The party has been under intense pressure to clean up the mess it made of the vote tabulation on caucus night when no results were released because the party relied on a dysfunctional app and a failed backup system involving a phone hotline that left callers on hold for hours. So on Tuesday afternoon, the party released some of the results—62 percent, to be precise.
If one candidate had a big lead, an incomplete count might tell us something. But, with less than two-thirds of the vote tabulated, the top two candidates were virtually tied. Former South Bend mayor Pete Buttigieg had 26.9 percent, and Vermont Senator Bernie Sanders 25.1 percent. Massachusetts Senator Elizabeth Warren was at 18.3 percent and former vice president Joe Biden trailed with 15.6 percent.
Those percentages reflect the so-called “state delegate equivalents,” not the actual popular vote. The popular vote, which reflects the final alignment of people who attended the more than 1,600 caucuses statewide, put Sanders ahead with 28,220 votes to 27,030 for Buttigieg, while Warren had 22,254 and Biden had 14,176. If Iowa were a primary state, Sanders would be winning. Because it is a caucus state, Buttigieg got at least a momentary bump. But that could change tonight or tomorrow—or sometime soon.

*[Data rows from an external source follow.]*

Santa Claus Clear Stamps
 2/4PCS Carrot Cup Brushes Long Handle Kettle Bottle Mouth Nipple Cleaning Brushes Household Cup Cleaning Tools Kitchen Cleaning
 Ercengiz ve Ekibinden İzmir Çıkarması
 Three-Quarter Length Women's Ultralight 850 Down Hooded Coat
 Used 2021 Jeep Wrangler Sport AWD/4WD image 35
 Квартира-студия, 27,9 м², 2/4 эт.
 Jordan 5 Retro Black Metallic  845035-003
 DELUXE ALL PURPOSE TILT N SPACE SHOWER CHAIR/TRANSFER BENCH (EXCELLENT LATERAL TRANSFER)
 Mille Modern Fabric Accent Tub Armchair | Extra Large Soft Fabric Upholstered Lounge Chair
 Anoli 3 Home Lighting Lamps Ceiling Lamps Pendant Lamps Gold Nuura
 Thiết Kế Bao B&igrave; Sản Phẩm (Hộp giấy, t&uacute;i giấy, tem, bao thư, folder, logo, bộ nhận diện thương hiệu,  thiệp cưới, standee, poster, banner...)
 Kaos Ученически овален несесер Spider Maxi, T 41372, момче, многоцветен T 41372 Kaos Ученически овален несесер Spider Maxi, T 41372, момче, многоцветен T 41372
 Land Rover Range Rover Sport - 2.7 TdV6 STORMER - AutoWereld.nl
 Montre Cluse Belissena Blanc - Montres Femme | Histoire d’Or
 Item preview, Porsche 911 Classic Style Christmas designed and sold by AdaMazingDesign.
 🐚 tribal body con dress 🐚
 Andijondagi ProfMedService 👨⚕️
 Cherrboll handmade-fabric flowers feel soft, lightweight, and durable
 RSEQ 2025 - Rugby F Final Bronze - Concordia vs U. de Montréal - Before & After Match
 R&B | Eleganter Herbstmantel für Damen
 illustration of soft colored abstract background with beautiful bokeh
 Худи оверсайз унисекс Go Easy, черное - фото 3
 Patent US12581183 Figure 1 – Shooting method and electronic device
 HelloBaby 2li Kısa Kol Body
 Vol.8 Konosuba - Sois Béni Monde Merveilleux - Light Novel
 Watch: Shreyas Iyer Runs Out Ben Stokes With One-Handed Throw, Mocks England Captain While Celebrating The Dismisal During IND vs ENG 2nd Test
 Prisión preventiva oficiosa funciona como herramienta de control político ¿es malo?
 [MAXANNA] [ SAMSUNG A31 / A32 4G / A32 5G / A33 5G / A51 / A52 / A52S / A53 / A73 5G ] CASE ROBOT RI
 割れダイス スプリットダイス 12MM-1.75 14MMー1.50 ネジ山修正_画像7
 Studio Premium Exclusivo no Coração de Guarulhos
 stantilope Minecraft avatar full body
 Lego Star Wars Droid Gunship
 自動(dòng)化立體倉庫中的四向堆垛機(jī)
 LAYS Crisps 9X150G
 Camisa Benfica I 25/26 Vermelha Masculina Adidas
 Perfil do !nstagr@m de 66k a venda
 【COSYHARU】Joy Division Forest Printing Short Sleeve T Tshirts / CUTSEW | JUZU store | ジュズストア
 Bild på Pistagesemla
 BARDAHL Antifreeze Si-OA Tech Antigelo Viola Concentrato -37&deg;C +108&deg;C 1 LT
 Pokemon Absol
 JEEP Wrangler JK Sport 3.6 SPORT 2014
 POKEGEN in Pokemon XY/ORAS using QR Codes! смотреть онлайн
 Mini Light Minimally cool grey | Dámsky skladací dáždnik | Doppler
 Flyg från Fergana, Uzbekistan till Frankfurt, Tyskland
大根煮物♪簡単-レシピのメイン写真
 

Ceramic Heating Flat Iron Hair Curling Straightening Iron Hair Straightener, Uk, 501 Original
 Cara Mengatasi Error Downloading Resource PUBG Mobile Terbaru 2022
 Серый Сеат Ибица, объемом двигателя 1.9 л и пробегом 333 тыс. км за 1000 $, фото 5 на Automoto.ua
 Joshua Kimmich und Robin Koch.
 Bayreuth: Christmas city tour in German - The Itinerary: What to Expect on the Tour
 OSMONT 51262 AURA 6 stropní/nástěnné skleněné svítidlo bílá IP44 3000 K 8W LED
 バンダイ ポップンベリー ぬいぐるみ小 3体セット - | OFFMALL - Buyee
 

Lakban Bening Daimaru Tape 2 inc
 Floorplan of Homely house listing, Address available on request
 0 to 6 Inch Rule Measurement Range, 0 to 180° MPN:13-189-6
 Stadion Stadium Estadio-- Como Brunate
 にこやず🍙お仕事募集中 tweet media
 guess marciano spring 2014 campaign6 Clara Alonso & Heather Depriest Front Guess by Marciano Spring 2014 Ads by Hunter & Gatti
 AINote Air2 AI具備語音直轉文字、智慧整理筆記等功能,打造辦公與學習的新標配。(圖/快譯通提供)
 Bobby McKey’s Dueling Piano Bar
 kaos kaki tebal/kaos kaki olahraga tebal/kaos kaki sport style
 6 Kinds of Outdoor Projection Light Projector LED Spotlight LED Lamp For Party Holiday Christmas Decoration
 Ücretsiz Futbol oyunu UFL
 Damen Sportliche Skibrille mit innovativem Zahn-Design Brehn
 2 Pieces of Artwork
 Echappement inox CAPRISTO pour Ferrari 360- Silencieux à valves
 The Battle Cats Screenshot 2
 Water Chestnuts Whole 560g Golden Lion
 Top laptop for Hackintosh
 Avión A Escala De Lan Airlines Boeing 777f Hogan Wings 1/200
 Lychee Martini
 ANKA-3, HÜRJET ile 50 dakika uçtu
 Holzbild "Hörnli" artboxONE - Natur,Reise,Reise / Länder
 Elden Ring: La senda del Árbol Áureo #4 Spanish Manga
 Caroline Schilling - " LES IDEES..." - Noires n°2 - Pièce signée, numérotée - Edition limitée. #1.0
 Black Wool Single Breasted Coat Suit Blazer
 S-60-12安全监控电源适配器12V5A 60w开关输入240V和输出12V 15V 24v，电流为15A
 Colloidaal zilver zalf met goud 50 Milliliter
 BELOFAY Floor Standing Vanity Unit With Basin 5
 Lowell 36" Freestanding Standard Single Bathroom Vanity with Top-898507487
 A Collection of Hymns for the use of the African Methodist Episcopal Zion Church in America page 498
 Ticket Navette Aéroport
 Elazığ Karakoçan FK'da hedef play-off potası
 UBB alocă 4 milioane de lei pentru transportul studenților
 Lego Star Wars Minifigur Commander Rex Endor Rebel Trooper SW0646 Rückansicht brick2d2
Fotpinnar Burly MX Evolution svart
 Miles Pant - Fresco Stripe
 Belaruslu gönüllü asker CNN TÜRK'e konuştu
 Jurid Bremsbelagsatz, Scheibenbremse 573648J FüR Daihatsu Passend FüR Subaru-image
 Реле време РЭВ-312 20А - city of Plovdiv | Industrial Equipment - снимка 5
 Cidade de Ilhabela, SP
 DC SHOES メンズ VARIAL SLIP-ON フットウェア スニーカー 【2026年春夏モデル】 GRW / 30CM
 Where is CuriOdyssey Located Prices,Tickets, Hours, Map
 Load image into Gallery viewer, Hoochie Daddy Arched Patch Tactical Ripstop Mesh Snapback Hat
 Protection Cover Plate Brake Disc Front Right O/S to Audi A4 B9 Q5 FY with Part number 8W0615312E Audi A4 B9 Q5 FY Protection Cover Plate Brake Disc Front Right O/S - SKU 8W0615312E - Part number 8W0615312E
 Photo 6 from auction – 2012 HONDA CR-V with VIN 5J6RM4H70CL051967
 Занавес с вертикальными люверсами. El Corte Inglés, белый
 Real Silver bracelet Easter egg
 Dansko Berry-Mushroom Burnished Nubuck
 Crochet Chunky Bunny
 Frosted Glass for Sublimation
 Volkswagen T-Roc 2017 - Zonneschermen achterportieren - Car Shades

So all we really know is that we don’t yet know enough to say who won. Mayor Pete was collecting those cherished “Buttigieg has narrow lead” headlines and speculation by MSNBC’s Chris Matthews that he is “the new star” as the Sanders campaign was thanking the people of Iowa because, in their words, from “the partial data released so far it’s clear that in the first and second round more people voted for Bernie than any other candidate in the field.”
Remarkably, the Iowa Democratic Party on Tuesday evening found a way to maintain the chaos and confusion of caucus night, to create more confusion and frustration, and to very possibly foster several false impressions. Sanders strategists believe their candidate has a good chance of winning in the final count. Biden’s position could actually worsen—perhaps even to a point where Minnesota Senator Amy Klobuchar closes a roughly 800-vote gap and pushes the former vice president into a fifth-place finish.
If it were caucus night and results were being released as they arrived at the party headquarters, few people would jump to conclusions before the count was final, because built into expectations about election nights is the possibility that a reported result will be corrected. But caucus night has passed.
So why, after screwing everything up when it mattered most, would the Iowa Democratic Party release part of the count? Why not get the count completed and release it when everything is in order?
The answer is that they are trying to ease their embarrassment by playing a dangerous game that they hope will satisfy the media.
It won’t. The Iowa party’s failure is writ so large across the 2020 campaign that before caucus night had ended, a serious debate had opened up about the need to yank Iowa’s first-in-the-nation status. Now, the party needs to stop playing games and announcing partial results and get it done right.
This is about more than bruised egos. This is about the possibility that the headlines and not the actual delegate count will carry weight into the next primaries and caucuses and warp the race for the presidency—as the Iowa Republican Party did in 2012 when the January 3 caucus night count gave a narrow win to eventual nominee Mitt Romney over former Pennsylvania senator Rick Santorum. Seventeen days later, the Iowa GOP declared that Santorum was actually the winner—but that was after he has lost the New Hampshire and South Carolina primaries.
What might have happened if Santorum had gotten the “Iowa winner” headline? Would he have done better in the primary race? Almost certainly. Indeed, a Washington Post headline from Tuesday, February 4 read: “For Iowa, a second caucus debacle in eight years.”
As Krystal Ball, the host of Hill TV’s Rising, says, “I can’t believe they put out partial results. This is completely outrageous.”
It is outrageous. And it is one more argument for ending Iowa’s first-in-the-nation status.